* WHAT YOU ARE ASKED TO DO
Could you please return each line of the data that has the word "Black"?
========================================
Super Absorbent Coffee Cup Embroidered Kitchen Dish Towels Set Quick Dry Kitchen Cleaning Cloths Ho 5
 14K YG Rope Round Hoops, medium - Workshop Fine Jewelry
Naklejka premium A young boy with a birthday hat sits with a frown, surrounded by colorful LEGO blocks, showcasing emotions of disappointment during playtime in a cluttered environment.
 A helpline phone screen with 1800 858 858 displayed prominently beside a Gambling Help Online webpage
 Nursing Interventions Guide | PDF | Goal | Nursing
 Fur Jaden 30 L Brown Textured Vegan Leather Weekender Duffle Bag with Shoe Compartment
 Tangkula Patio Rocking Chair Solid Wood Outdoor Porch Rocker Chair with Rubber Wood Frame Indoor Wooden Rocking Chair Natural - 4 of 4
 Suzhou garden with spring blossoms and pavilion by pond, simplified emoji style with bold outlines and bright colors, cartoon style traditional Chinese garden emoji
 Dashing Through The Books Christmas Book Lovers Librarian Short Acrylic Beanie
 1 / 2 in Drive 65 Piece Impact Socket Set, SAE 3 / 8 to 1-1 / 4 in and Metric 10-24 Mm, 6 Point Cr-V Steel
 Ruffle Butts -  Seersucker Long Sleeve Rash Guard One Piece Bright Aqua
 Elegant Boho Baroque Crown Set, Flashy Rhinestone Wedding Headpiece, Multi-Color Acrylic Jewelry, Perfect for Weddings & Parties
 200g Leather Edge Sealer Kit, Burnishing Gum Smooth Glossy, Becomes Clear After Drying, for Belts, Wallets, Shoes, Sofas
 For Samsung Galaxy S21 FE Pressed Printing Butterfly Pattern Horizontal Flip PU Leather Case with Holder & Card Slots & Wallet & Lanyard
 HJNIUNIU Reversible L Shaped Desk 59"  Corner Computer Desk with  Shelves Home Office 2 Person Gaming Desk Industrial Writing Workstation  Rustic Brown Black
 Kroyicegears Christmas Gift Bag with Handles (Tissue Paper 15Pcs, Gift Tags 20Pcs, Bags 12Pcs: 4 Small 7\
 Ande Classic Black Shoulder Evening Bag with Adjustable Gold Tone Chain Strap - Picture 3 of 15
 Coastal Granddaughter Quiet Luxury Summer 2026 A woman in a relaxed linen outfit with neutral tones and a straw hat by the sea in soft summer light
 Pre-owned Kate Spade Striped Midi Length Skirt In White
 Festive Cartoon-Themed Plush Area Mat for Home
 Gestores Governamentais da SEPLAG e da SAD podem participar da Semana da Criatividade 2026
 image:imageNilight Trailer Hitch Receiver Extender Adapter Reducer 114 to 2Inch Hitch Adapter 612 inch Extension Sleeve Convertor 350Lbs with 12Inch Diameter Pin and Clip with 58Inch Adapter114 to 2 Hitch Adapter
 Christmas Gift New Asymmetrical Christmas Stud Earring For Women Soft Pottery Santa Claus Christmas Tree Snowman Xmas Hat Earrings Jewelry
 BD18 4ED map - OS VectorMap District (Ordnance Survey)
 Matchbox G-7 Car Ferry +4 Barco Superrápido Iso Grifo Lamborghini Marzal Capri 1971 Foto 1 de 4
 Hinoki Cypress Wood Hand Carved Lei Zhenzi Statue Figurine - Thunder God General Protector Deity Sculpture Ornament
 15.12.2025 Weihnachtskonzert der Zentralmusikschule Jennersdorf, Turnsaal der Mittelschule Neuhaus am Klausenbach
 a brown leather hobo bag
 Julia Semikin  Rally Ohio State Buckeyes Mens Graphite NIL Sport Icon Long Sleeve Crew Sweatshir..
========================================
* EXERCISE RESPONSE
 HJNIUNIU Reversible L Shaped Desk 59"  Corner Computer Desk with  Shelves Home Office 2 Person Gaming Desk Industrial Writing Workstation  Rustic Brown Black
 Ande Classic Black Shoulder Evening Bag with Adjustable Gold Tone Chain Strap - Picture 3 of 15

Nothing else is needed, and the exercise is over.